**Exercise details:** Exclude the pictures. Transcribe, exactly as written, the lines from the one with "Abu Simbel Nubian Guest House Exterior photo" through the end of the entries below.

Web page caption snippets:
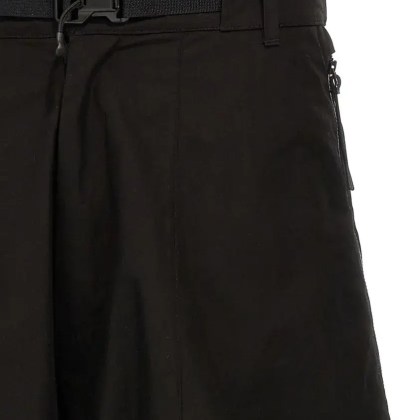 CP Company - 'Cargo Hyst' Bermuda Shorts - Größe 52 - schwarz – Bild 2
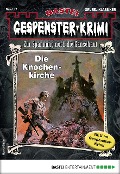 Cover-Bild zum Titel 'Gespenster-Krimi 17' von 'Ian Rolf Hill'
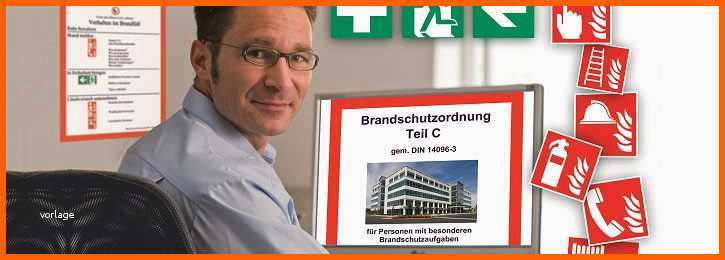 Bestbewertet Brandschutzordnung Teil A B Und C Mühelos Selbst Erstellen
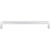 Top Knobs Telfair Appliance Pull 12" (c-c) - Polished Chrome - TK3017PC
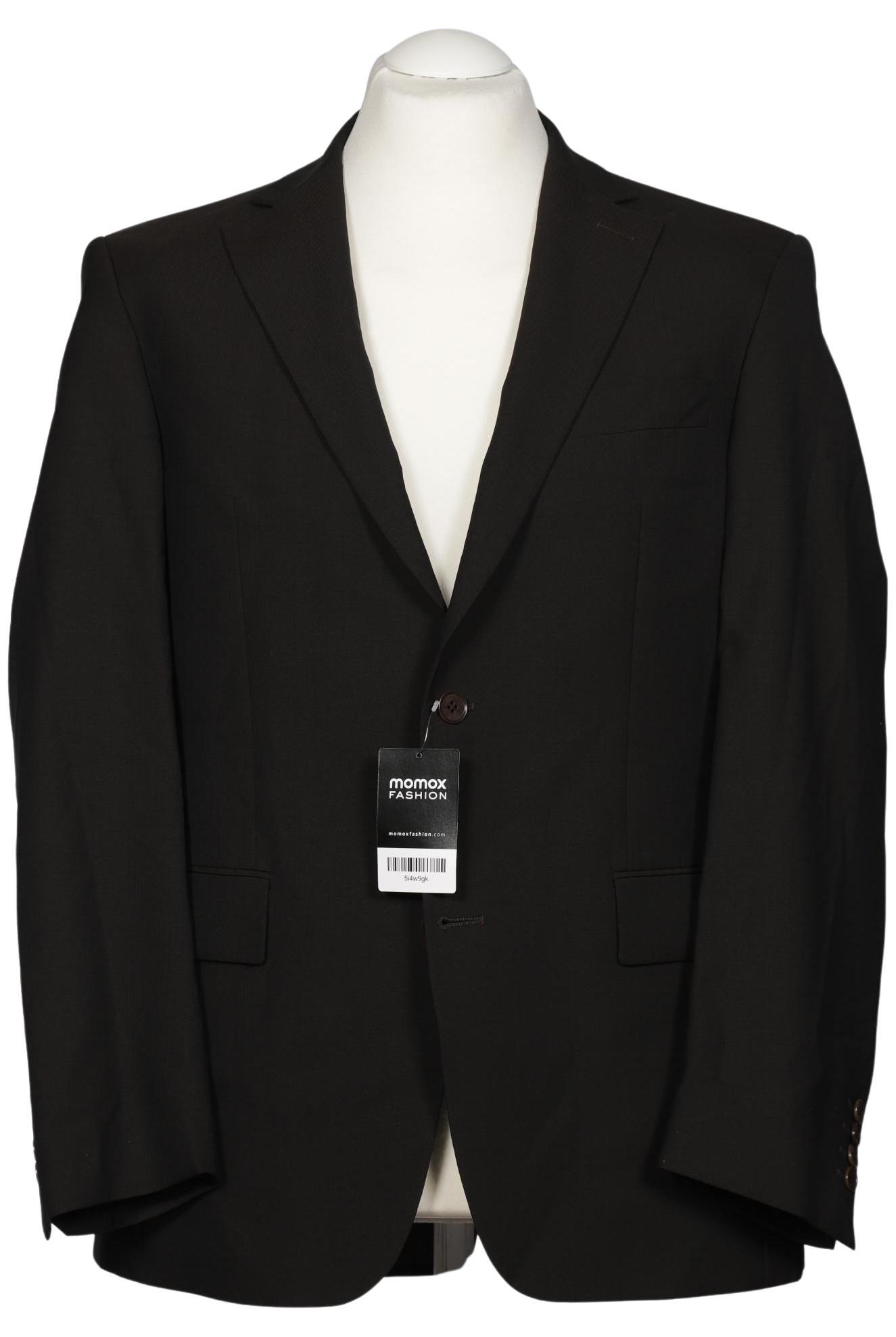 

Carl Gross Herren Sakko, schwarz, Gr. 48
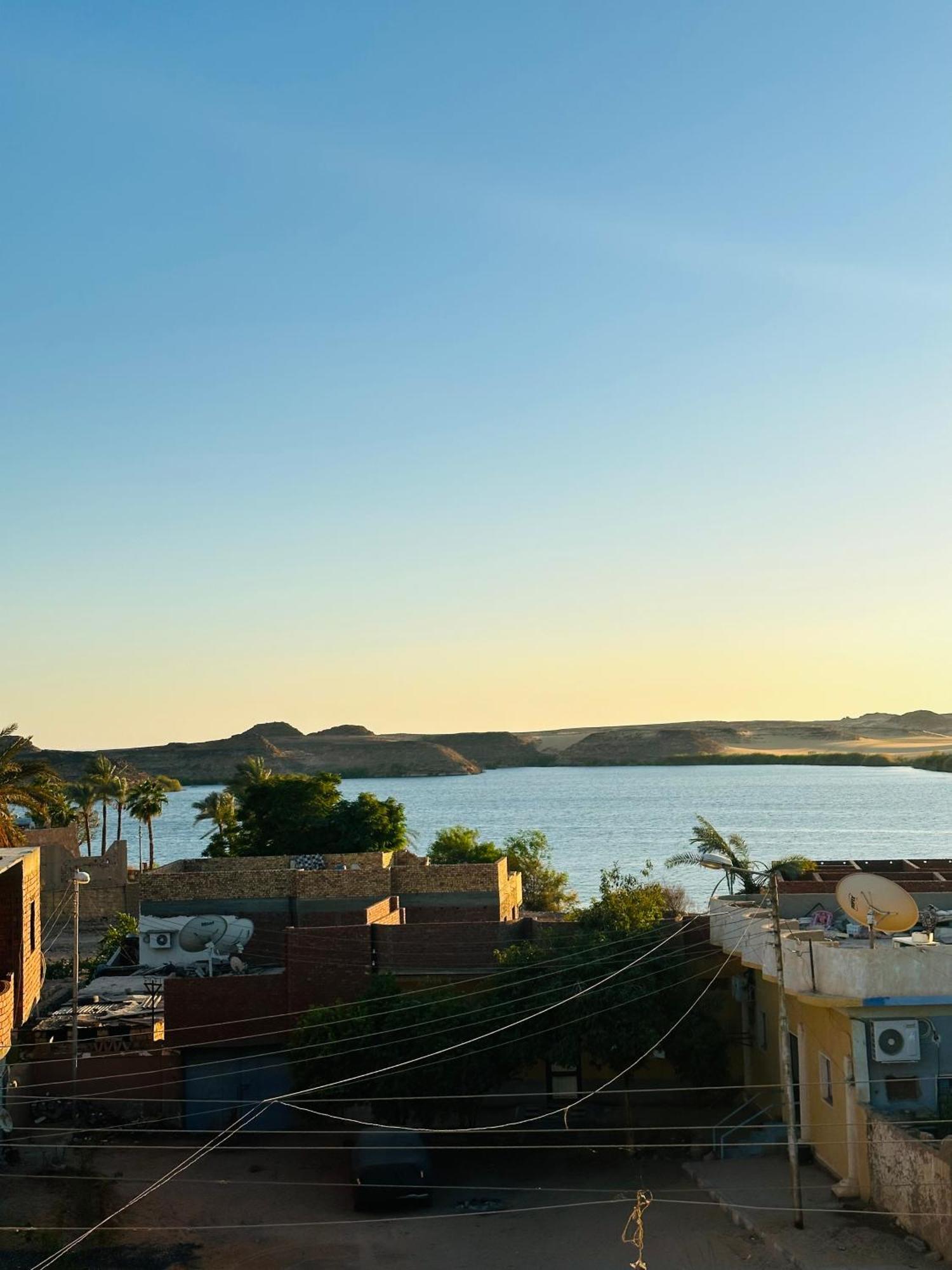 Abu Simbel Nubian Guest House Exterior photo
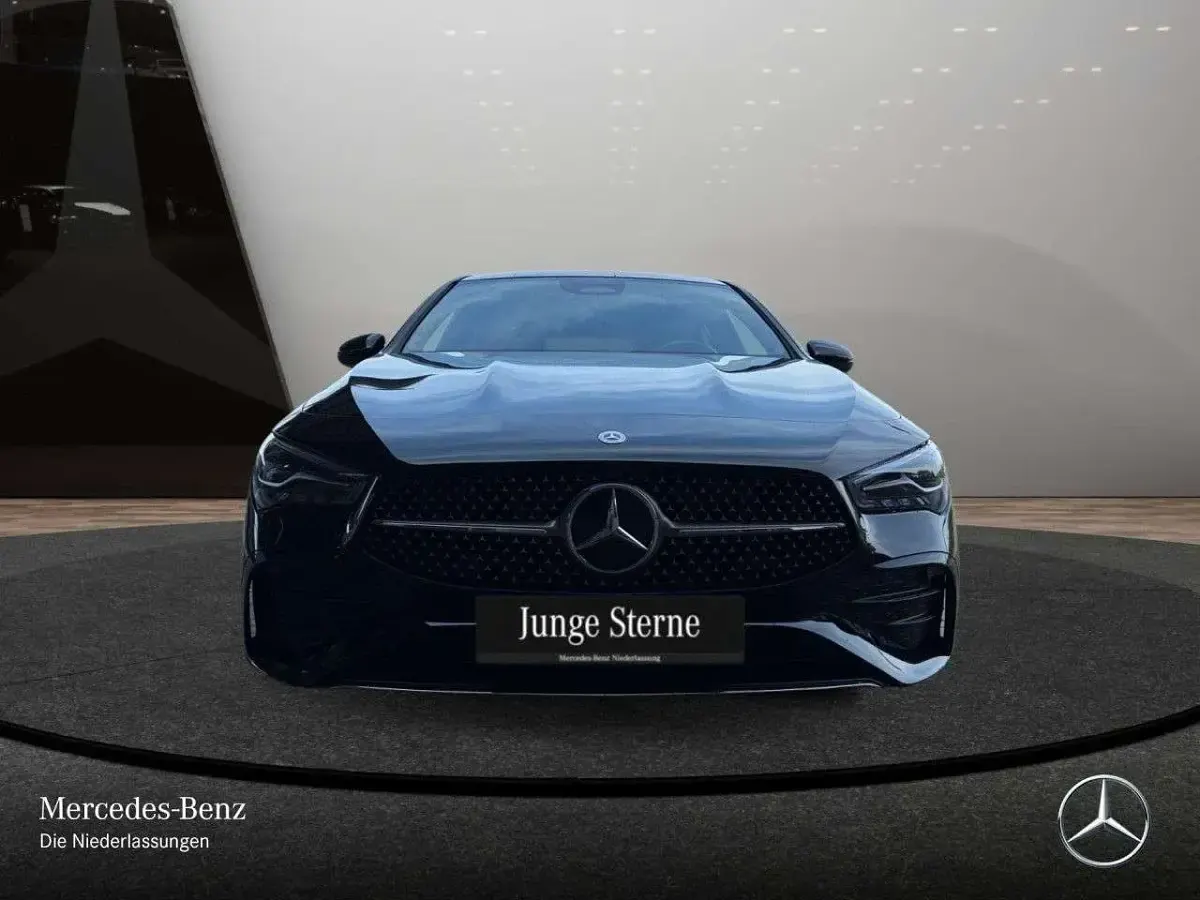 Gebraucht Mercedes CLA220 AMG 190 PS (139 kW) 2025 Schwarz Limousine
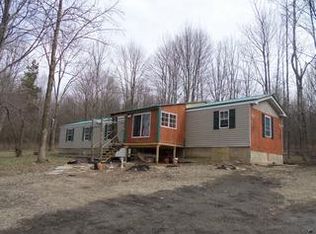 2881 Nobles Rd, Sinclairville, NY 14782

**Solution to the problem:**
 Abu Simbel Nubian Guest House Exterior photo
 Gebraucht Mercedes CLA220 AMG 190 PS (139 kW) 2025 Schwarz Limousine
 2881 Nobles Rd, Sinclairville, NY 14782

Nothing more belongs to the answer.